2. A personal tone goes a long way.

The expectation on social media is that a company’s representatives will use an informal, sincere, and non-corporate tone rather than standing loftily above their customers and proclaiming from on high. If your social media customer interactions sound stuffy or generic or legalistic, your customers will sniff you out immediately as a fake.

3. Respond immediately.

The easiest way to compound your company’s social media embarrassment after a corporate misstep is to drag your feet in responding to questions and frustrations that have been posted publicly. A negative event in the online world gathers steam with such speed that the delay itself can become even more of a problem than the initial incident.

To avoid such delays, set strict company standards for how fast to respond to customers on social channels. Also, prepare for those instances where the definitive way to respond isn’t immediately apparent (for example, if you need to gather more data or check with your legal department). Devise placeholder responses in advance that can, to some extent, buy you time while a more strategic response is prepared.

4. Don’t fall into a Streisand-esque social media nightmare.

When someone uses social media to attack your business, your natural urge may be to respond in kind or even to unleash your lawyers in hopes of pressuring the attacker into removing the complaint. I beseech you to think twice before taking this route.

In the era of social media, a defensive reaction, particularly one intended to suppress a negative post, tends to bring additional publicity—negative publicity. The classic cautionary tale is that of Barbra Streisand, who once sued a photographer in the hope of getting him to remove photos of her mansion’s backyard from an online databank he had compiled, a survey of erosion along the California coast. This action brought more publicity to the images of her backyard, rather than less. In light of the resulting interest sparked by Streisand’s combativeness, a detailed photo of her backyard was reproduced on everything from T-shirts to coffee mugs—and there’s now a dedicated Wikipedia page where this phenomenon has been dubbed “The Streisand Effect.” Ouch.

Any social media argument with a customer represents an exponentially greater risk for your company than the old-fashioned kind of argument that happened before social media, because of the visibility and “shareability” of the medium. So, make sure that everybody who represents your company online has taken the time to learn how to breathe and to bite their tongues. And then bite them again.

5. Take it direct.

When you find yourself facing a negative post on a social media channel, reach out to the source directly.

How?
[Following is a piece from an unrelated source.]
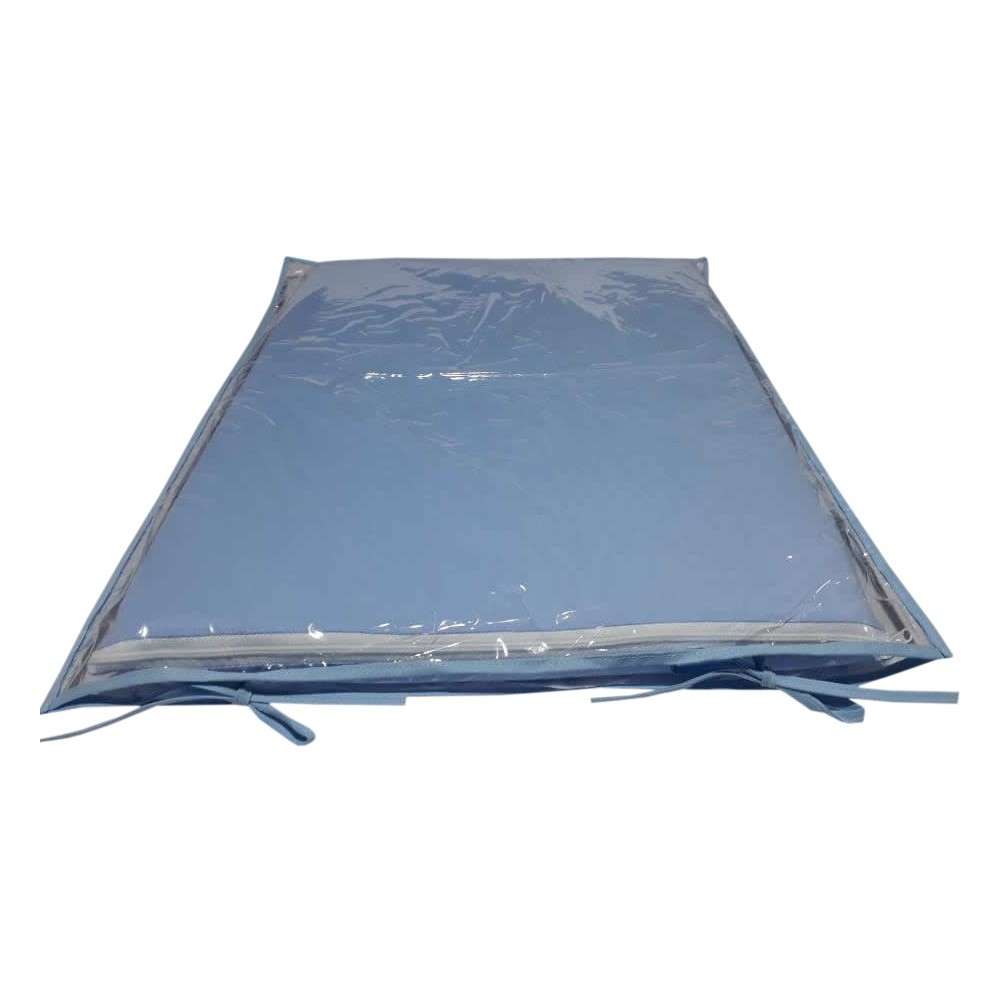 Trocador para Comoda de Bebê Azul Bebe Liso - Trocador para quarto Bebê Menino Azul Claro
The best approach is usually to reach out to the customer in channel, meaning that when a customer posts on a particular social channel, you respond on that same channel, at least initially. This can start with a simple and authentic public response (for example, a publicly visible tweet expressing your concern). But after that immediate public response, offer to take the conversation private while the two of you work toward resolution. Once you move the discussion out of a public venue and into a one-on-one setting, you can work directly with your antagonist without thousands of eyes dissecting your every move while likely failing to understand the nuances of what’s going on.

Going private can be as simple as changing from public tweets to direct messaging (DM), although this can get tricky because, on Twitter, you can’t DM a customer who isn’t already following you. Or you can set up a special, branded private channel (there are a variety of third parties that can help a business get set up this way). The telephone is also a private, personal channel and is great for talking things through—but only if you are not seen as pressuring the customer to switch from a social channel to the telephone; customers today feel that brands should meet them where they already are.